By Kirsty Alpert
First things first: Leave the little black dress at home.
It was during the dessert course on the first night of Diwali that my trip to India really got interesting. Up until that moment, Mumbai had been a haze of traffic jams, temples, markets, and more traffic jams. Everywhere I went I stood out like, well, a light-haired American in India, and I had yet to get a real sense of what the city was about.
But that night, as I was sitting at an elaborate table at the Grand Hyatt Mumbai, carving into a coconut-cardamom creation and celebrating the beginning of the Diwali season with other members of the media, the hotel’s owner decided to stop by. Maybe it was the fact that I didn’t necessarily blend into the crowd. Whatever the reason, the owner introduced himself and, after we'd been talking for a bit, invited me to celebrate Diwali with him and some friends the next evening at a friend’s house.
Excited about attending a legit Indian house party in Mumbai, I took him up on the offer and asked him what to wear (“You know, a little black dress or something,” he said); what to expect (“There will be a dinner and some friends,” he offered); and what time to be there (“Dinner is at 8PM,” he said confidently).
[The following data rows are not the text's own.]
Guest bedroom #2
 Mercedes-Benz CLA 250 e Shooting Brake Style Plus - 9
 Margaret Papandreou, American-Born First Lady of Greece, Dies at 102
I went. I ate. I drank. And I learned the following five things about partying with Mumbai’s elite:
1. Don’t Wear a LBD. No matter what your host tells you, if you show up in a little black dress, you will be the only one. All the men at the party I attended wore well-tailored suits, and the ladies present were decked out in designer saris.
2. Take Notes on the Hostess Skills. I’m now officially convinced that no one can host a party like an Indian woman. In India, most hosts follow the principle of “atithi devo bhava” (“the guest is God”). Our party hostess acted as a priestess, venerating every guest by making introductions and making sure that glasses and the dance floor were both full.
3. Have a Conversation Starter. In a room full of business buddies, relatives, and old friends who have raised children together, great social skills won't always help you make new friends. My saving grace was the fact that I had gotten mehndi the day before. I was a little nervous that my hennaed arms and hands would make me stick out like a tourist, but they actually opened the door to conversations with locals.
4. Eat Before You Go. Dinner at 8PM? Nope. I was the only one eating the passed hors d’oeuvres (delicious miniature versions of classic Indian street food) while holding out hope that someone would announce dinner in the next half hour. Or the next half hour. Or the next. Only after things started winding down did the dinner buffet open—around 1 am.
5. Have a Cab Ready to Pick You Up. From the moment I stepped through the door until the time my cab came to take me back to my hotel, I never had an empty glass in my hand. Moderation and fake sips were the only way I survived until the food was served. Little did I know that Diwali is a drinking holiday!